How to Extract Text from PDF and Paste in Excel using Python and PDF.co Web API
In this tutorial, we will walk you through the process of extracting text from a PDF document and saving it to an Excel file using Python and the PDF.co Web API. By following this step-by-step guide, you’ll learn how to easily convert data from PDF files into an Excel format.
For this demonstration, we will use a sample PDF document and show you how to convert it into an Excel file.
Step 1: Install the requests Library
Before we begin, make sure that the requests
library is installed in your Python environment.
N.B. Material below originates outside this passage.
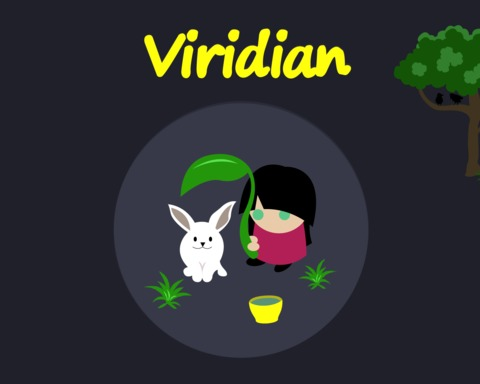 Viridian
This library is essential for making HTTP requests to the PDF.co Web API.
- Open your terminal or command line interface (CLI).
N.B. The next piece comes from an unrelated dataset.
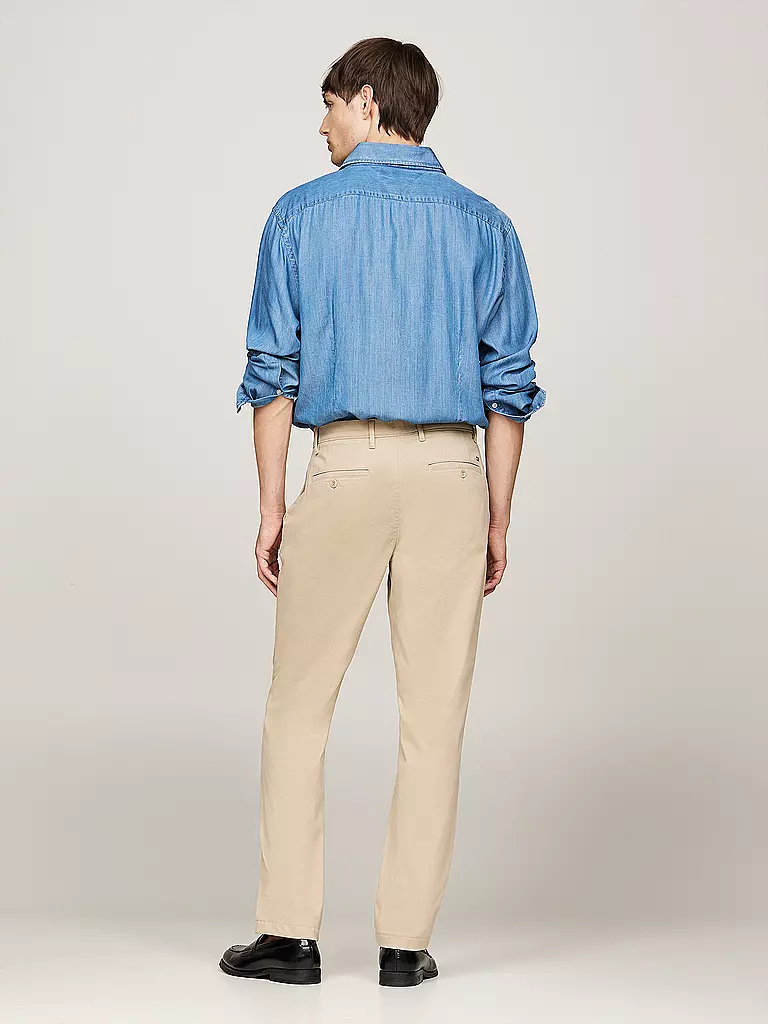 TOMMY HILFIGER | Chino DENTON | hellblau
- Run the following command to install the
requests
module:python -m pip install requests
Step 2: Access the Source Code
Next, prepare the Python script that will handle the conversion of the PDF file into Excel format.
- Copy the sample Python code from the link provided.
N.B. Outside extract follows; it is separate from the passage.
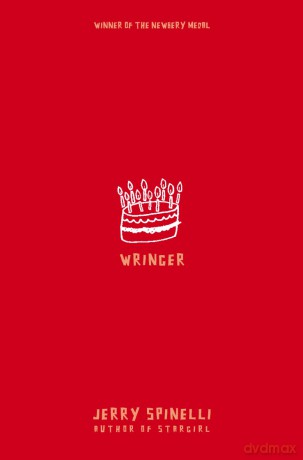 Wringer - Spinelli [KSIĄŻKA]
- Paste the code into your preferred Python code editor, such as Visual Studio Code, PyCharm, or any other Python-compatible editor.
Step 3: Configure the Python Code
With the sample code in hand, let’s configure it to suit your specific settings.
API Key:
- Obtain your API Key from your PDF.co dashboard.
- Insert your API key into the designated section in the Python script.
Source File:
- Provide the name of the PDF file from which you want to extract data and convert it into an Excel file.
Output Excel Name:
- Specify the name of the output Excel file where the extracted data will be saved.
Asynchronous Mode:
- For greater efficiency, we recommend using Asynchronous Mode. This will allow the conversion process to run in the background, enabling the program to continue executing without waiting for the conversion to finish.
Step 4: Save Python Program
Once you’ve updated the script with your settings, save the Python program to your preferred directory.
Step 5: Run the Program
Now it’s time to run the program.
- Execute the Python script. If everything is set up correctly, the script will initiate the extraction process, and you'll receive a generated Excel file containing the extracted data.
Step 6: View the Extracted Data in Excel Format
Once the script has finished running, you can access the output Excel file.
- Navigate to the directory where the Python script is saved.
- The extracted data from your PDF document will now be available in Excel format.
In this tutorial, you learned how to extract PDF contents and paste them into Excel using Python. You learned to use the PDF.co PDF Extractor Web API to easily convert a PDF to Excel. You also learned how to get started with PDF Extractor Web API right away using the Python sample code.